Wie kann man die Individuen unterscheiden?
Die Unterscheidung ist anhand der Knochen und Zähne möglich. Und es gibt ein paar Grundregeln. Einmal vergleicht man die Größe der Fossilien, wenn man mehrere Funde hat, von der gleichen anatomischen Stelle. Also wenn ich zwei unterschiedlich große Oberschenkelköpfe habe, dann sind das sehr wahrscheinlich zwei verschiedene Tiere. Im Fall von Danuvius haben wir drei Oberschenkelköpfe. Ein rechter Oberschenkelkopf gehört zu dem männlichen Tier (Udo). Ein linker Oberschenkelkopf gehört zum ersten Weibchen, ein linker kompletter Oberschenkel gehört zum zweiten Weibchen. Bei einem kompletten Oberschenkel ist auch der Oberschenkelkopf dabei, wieder ein linker. Das kann man eindeutig sehen, was links und rechts ist.
Bei zwei linken Oberschenkelköpfen müssen es zwei verschiedene Tiere sein. Dann kann man noch die Größe der Oberschenkelköpfe messen. Das ist beim größeren Oberschenkelkopf ein Durchmesser von 29,2 mm, bei den anderen beiden ein Durchmesser von 22,8 bzw. 21,6 mm. Aufgrund dieses Unterschiedes werden die Knochen unterschiedlichen Geschlechtern zugeordnet. Dabei wird unterstellt, dass das Männchen das größere Tier ist.

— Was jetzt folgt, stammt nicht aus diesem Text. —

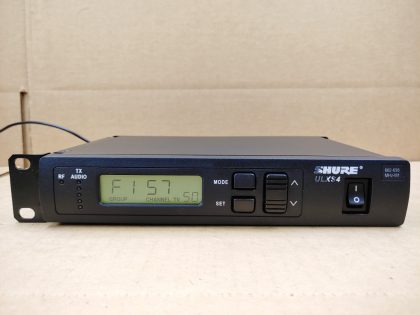 There is some small writing engraved in the bottom of the receiver. Overall Good Condition
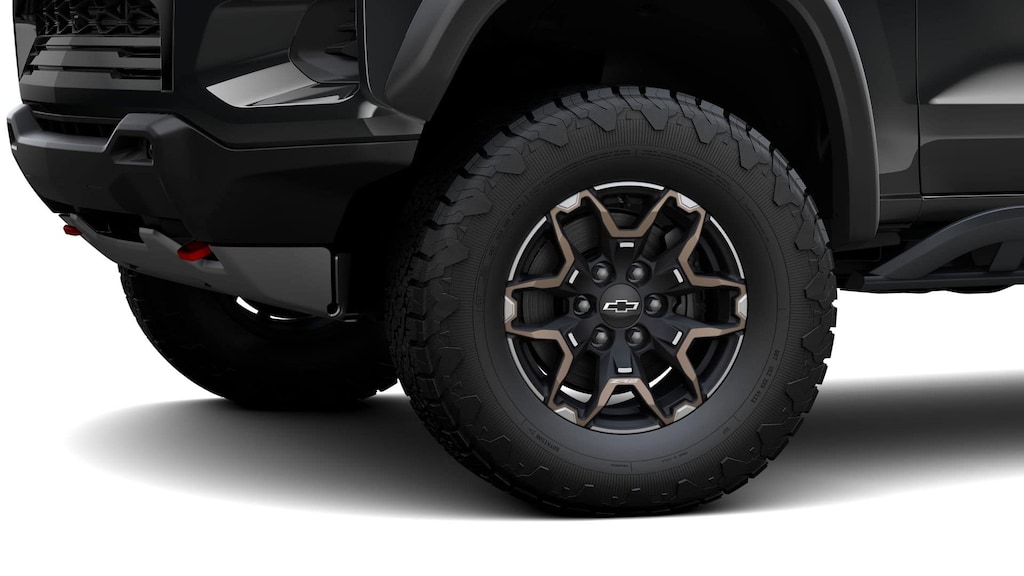 New 2026 Chevrolet Colorado ZR2 Truck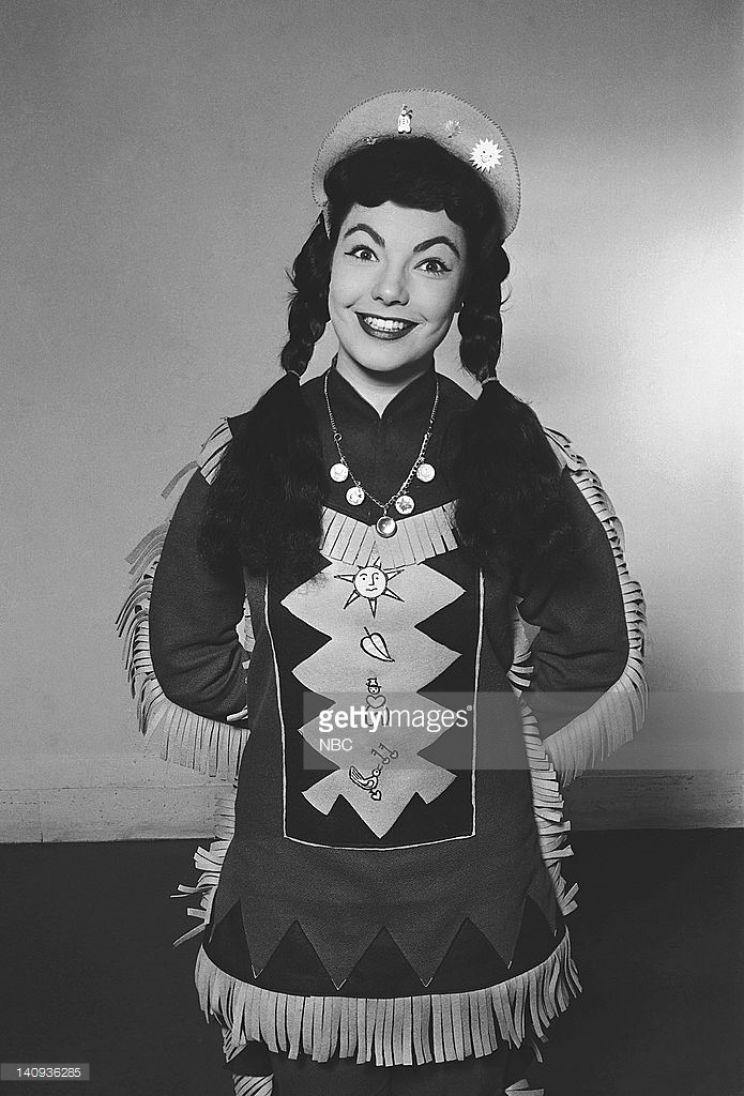 Judy Tyler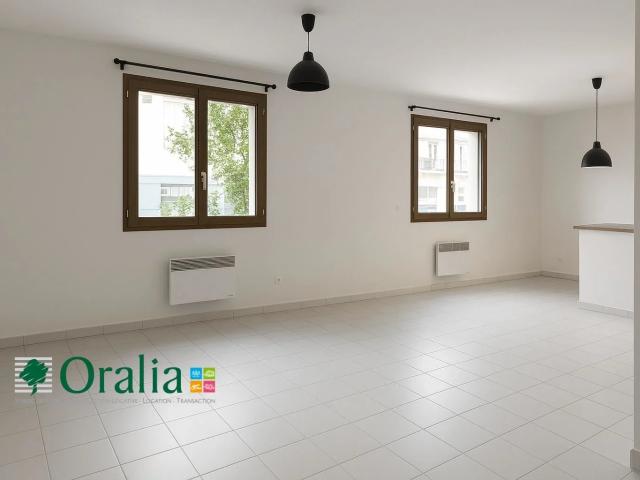 Location Appartement Cours Docteur Long, Lyon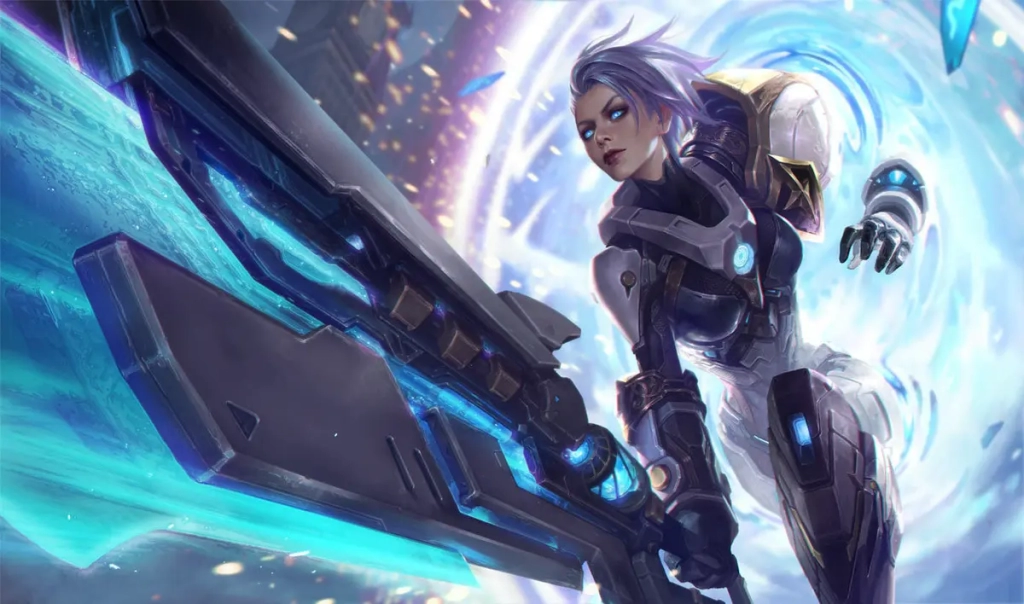 Riven 18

Zum anderen kann man die Knochenkonsistenz vergleichen. Auch spielt eine Rolle, in welchem Zusammenhang die Knochen in den Ton- und Sandschichten abgelagert sind. Wenn sie nah beeinander gefunden werden und sie gehören zu einer Tierart, sind sie auch wahrscheinlich von einem Tier.
Was sind die ältesten Funde überhaupt?
Meines Wissens Cyanobakterien, mit einem geschätzten Alter von 3.5 Milliarden Jahren. Diese können sog. Stromatolithe produzieren.
An dieser Stelle bitte ich euch mit den geeigneten Stichworten weiter im Internet zu forschen, wenn ihr mehr wissen wollt.
Altersbestimmung mit der Radiocarbonmethode?
Diese Methode ist für unsere Funde nicht anwendbar, sie ist für Datierungen mit einem Alter bis zu 50.000 Jahre geeignet. Die Funde in der Hammerschmiede sind etwa 11,5 Mio. Jahre alt.
Buch von Madelaine Böhme
Dieses Buch steht in eurer Schulbücherei und beschreibt den Fund des Danuvius guggenmosi und anderer fossiler Funde, die in die Evolution der Primaten verankert werden.